In common with other sprinklers of the impact-drive type, the sprinkler 10 herein comprises a sprinkler body 36, preferably formed of metal or plastic, an impact arm 38, and an arm spring 40. The sprinkler body 36 receives water through the riser 12 on which it is mounted for rotation, and ejects the water in an upwardly and outwardly direction through a nozzle 42. The impact arm 38 includes a reaction member 44 disposed at one end of the arm, and a counterweight 46 disposed at the other end, and is mounted for rotation about a vertical axis coincident with the vertical axis of rotation of the sprinkler body 36. In this instance, the impact arm 38 includes an upstanding centrally apertured sleeve 39 through which projects a pivot pin 34 about which the impact arm rotates relative to the sprinkler body 36. The arm spring 40 is disposed about the sleeve 39 and is coupled between the impact arm 38 and the sprinkler body 36 in such a manner as to bias the reaction member 44 of the impact arm into alignment with the nozzle 42 and against an anvil 48 (FIG. 7) affixed to the sprinkler body.

To fully protect the sprinkler 10 when not in use, a disk-shaped cover plate 28 overlies the sprinkler, and when the riser 12 and sprinkler are retracted into the housing 14, the rim 30 of the cover plate fits within a lip 32 formed around the inside upper end of the housing. Herein, the cover 28 is centrally mounted on the upper end of the pivot pin 34 which projects above the top of the sprinkler 10, and is free to rotate relative to the sprinkler during operation.
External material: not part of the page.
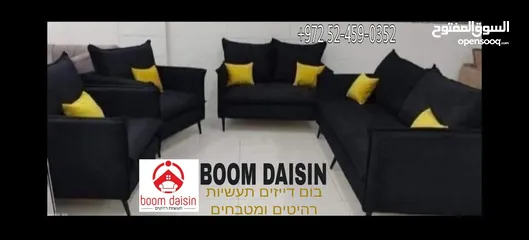  13 Boom daisin للأثاث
The sprinkler 10 of the present invention is driven in a conventional manner for impact-drive sprinklers. The water stream from the nozzle 42 intercepts the reaction member 44 of the impact arm 38 to effect a rotational deflection of the drive arm and rotate the reaction member in a first direction out of the stream and away from the anvil 48. During the rotational arm deflection, the arm spring 40 is compressed until the force of the spring slows, and ultimately reverses the rotational movement of the impact arm 38. The reaction member 44 of the impact arm 38 then is driven back into the stream and impacts the anvil 48 to thereby apply an increment of angular motion to the sprinkler body 36 in the forward drive direction. Continued oscillation of the impact arm 38 into and out of the stream thereby drives the sprinkler body 36 incrementally in a forward direction about its vertical axis.

To effect part circle operation, the sprinkler 10 includes a reversing mechanism 50 of conventional design, the operation of which can be appreciated from a review of FIGS. 2 and 3. The reversing mechanism 50 includes a trip arm 52 pivotally mounted to the body 36 by a pivot pin 54 and coupled by an over-center spring 56 to a reversing arm 58 also pivotally mounted to the body by a pivot pin 60. The trip arm 52 and reversing arm 58 are coupled together by the over-center spring 56 in such a manner that the trip arm and reversing arm are each movable between two stable positions, and the spring acts to hold the trip arm and reversing arm in one or the other of their two stable positions.

Movement of the trip arm 52 and reversing arm 58 between their stable positions is effected by means of a trip extension 62 which depends downwardly from the trip arm to engage adjustable trip stops 64 and 66 disposed about the upper end portion of the sleeve 18 (FIG. 2). The reversing arm 58 has an upwardly projecting hooked end portion 68 which, when the reversing mechanism 50 is in a reverse position, acts to limit rearward movement of the reaction member 44 of the impact arm 38 away from the water stream.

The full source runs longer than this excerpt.